Confessions of a Cat-holic (227)
- Amanda L © Leung Yuk Yiu

- Apr 6, 2022
- 3 min read
Updated: Apr 6, 2022
A few years after I broke up with Eddie, I began to have repeated dreams about him. I dreamed that my cell phone was out of service and I couldn't press the buttons right to reach Eddie when I needed to talk to him. I had dreamed about this for over 1000 times over the course of ten years and it stopped just recently. The situations varied in my dreams, but it all ended up my failure to reach him on the phone in the end. Sometimes, it was that the keyboard was messed up so I couldn't press my intended number. Sometimes, it was that he changed his number. Sometimes, it was that the phone couldn't function normally. I was left in a very distressed state every time I woke up. It was a very disturbing feeling, and sometimes I could not deny that I might still have feelings towards him. So I went to a tarot card reader and sort out the implications of this repeated dream. After I consulted my psychic reader a few times, I felt more relieved. I already forgot what she said about my dreams. At least I felt that something entangled in my heart was finally sorted out and I finally stopped experiencing these repeated dreams in the recent 3 years.

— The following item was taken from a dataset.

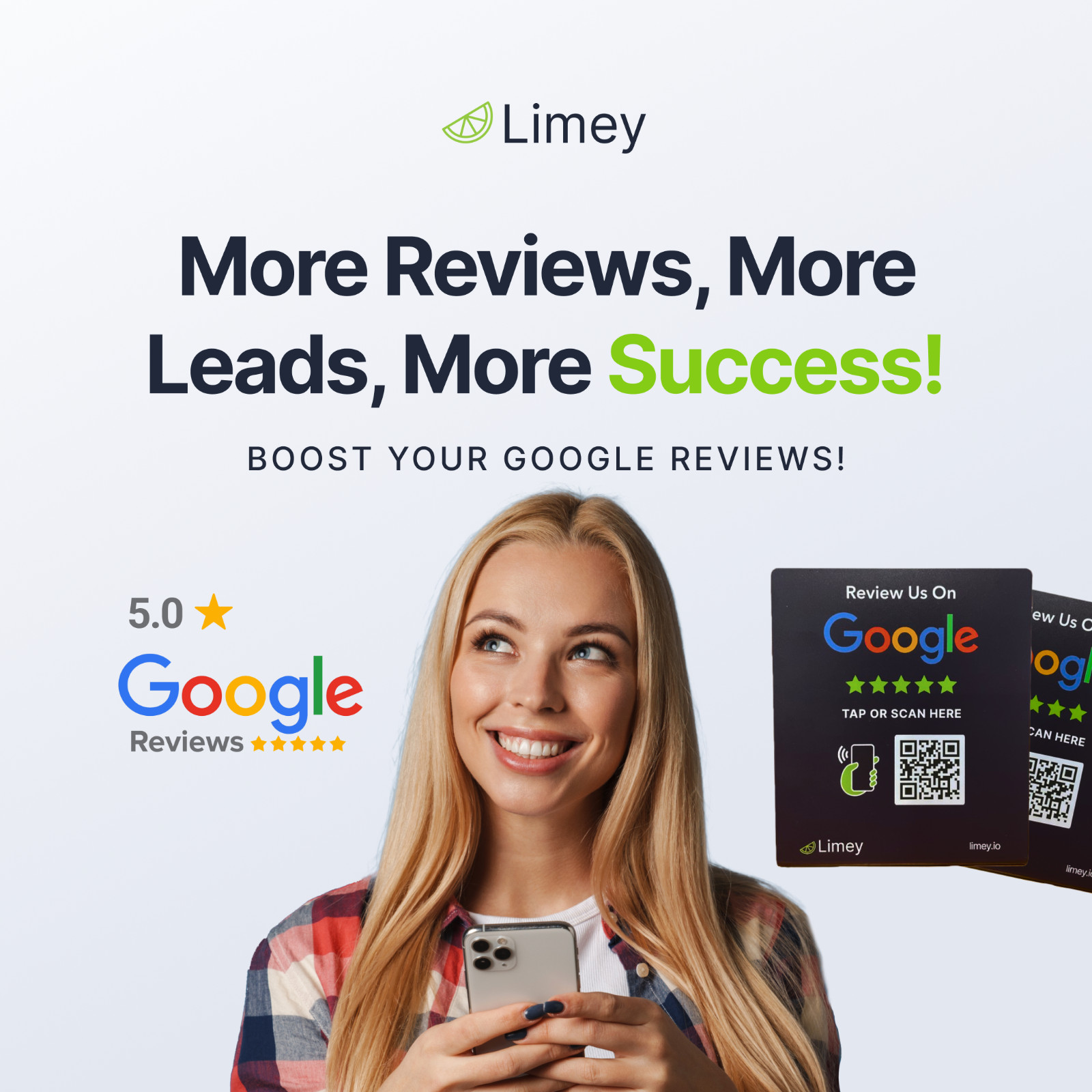 Wholesale 50x NFC Google Review Stands | Tap & Scan Table Displays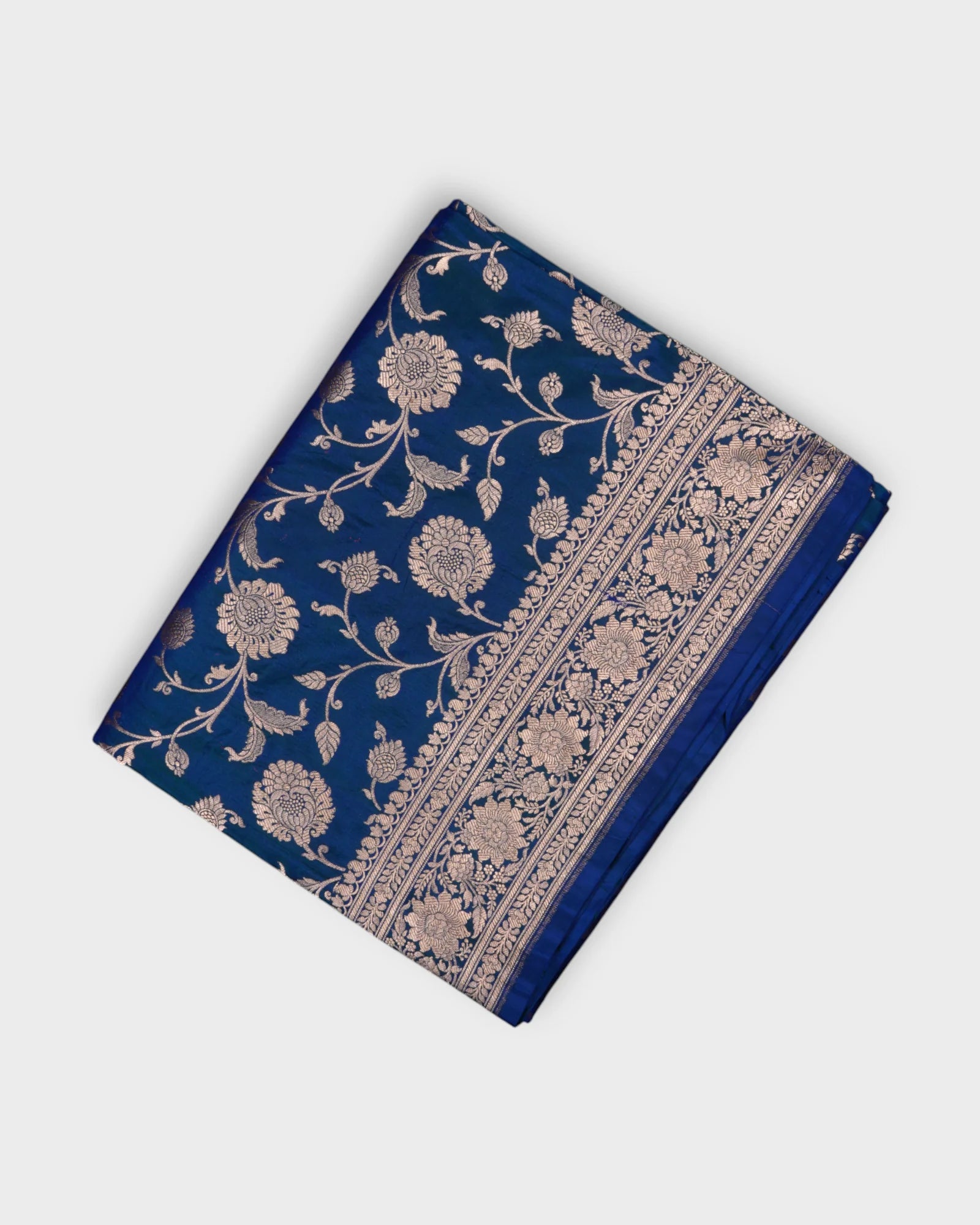Peacock Blue Katan Silk Saree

I had a feeling that I might have regretted not calling him when Kelly saw him in New York in my senior year. At that moment, I was still very upset about him and his comments when we broke up. Another reason why I wanted to remain single rather than going back to him was that I felt that it was too messy. I didn't want to go back and forth between Edmond and Eddie anymore. I worried that Edmond and Eddie would just start asking me out again and again after I broke up with either one. (我不想在他們之間拉鋸). I wanted to start over with a clean slate, you know, meeting someone who genuinely loved me for the way I was and someone who wouldn't leave me in a helpless situation when I needed him the most.
And slowly and gradually, I walked out of the emotional distress from this break up. It took me around 14 years to say that I was finally over him. I still had hopes of getting back together with him when I worked at Skadden. I thought I might have a chance to go back to New York, but it didn't happen and circumstances didn't allow me to do so either. I had met other guys in the last 15 years too, but I really couldn't fall in love again. I felt that I could never trust someone like I trusted Eddie anymore.
Derek, who was Edmond's high school friend, asked me out when I worked at Lehman.
His package was impeccable. He lived in an independent house at the peak. He had Australian citizenship and he worked at Deutsche Bank as a trader. He graduated from a prep school in Hong Kong, and then Wharton. He took me to see his parents. His dad was a lawyer and his mother was a stock broker. I knew his ex-girlfriend from Tufts and St Steven's Girls as well. But I didn't even take off my clothes or have sex with him when we were alone. I had been to his home at the peak. He had a driver to drive me home every time we went on a date as well. After being hurt by Eddie, I felt that maybe I should just marry a Hong Kong guy from my circle who could take care of me financially. Maybe I was not meant for Eddie, he was too badass for me. Derek, on the other hand, was controlling and possessive. At least I felt that he wanted to be with me quite badly. But I always suspected that he was lying to me. I couldn't trust him no matter how much he tried. Again, many people must have thought that I was a retard for not tying the knot with him because he was wealthy, good looking and caring. I wouldn't know why either. I always suspected there was something fishy about him. We went to Macau with his family and we didn't even live in the same hotel building. His mother gave me a spade necklace from Christian Dior for my birthday present. But I just couldn't fall in love with this guy. I thought that it might be because of his affiliation with Wah Yan, the vendetta school of my alma mater.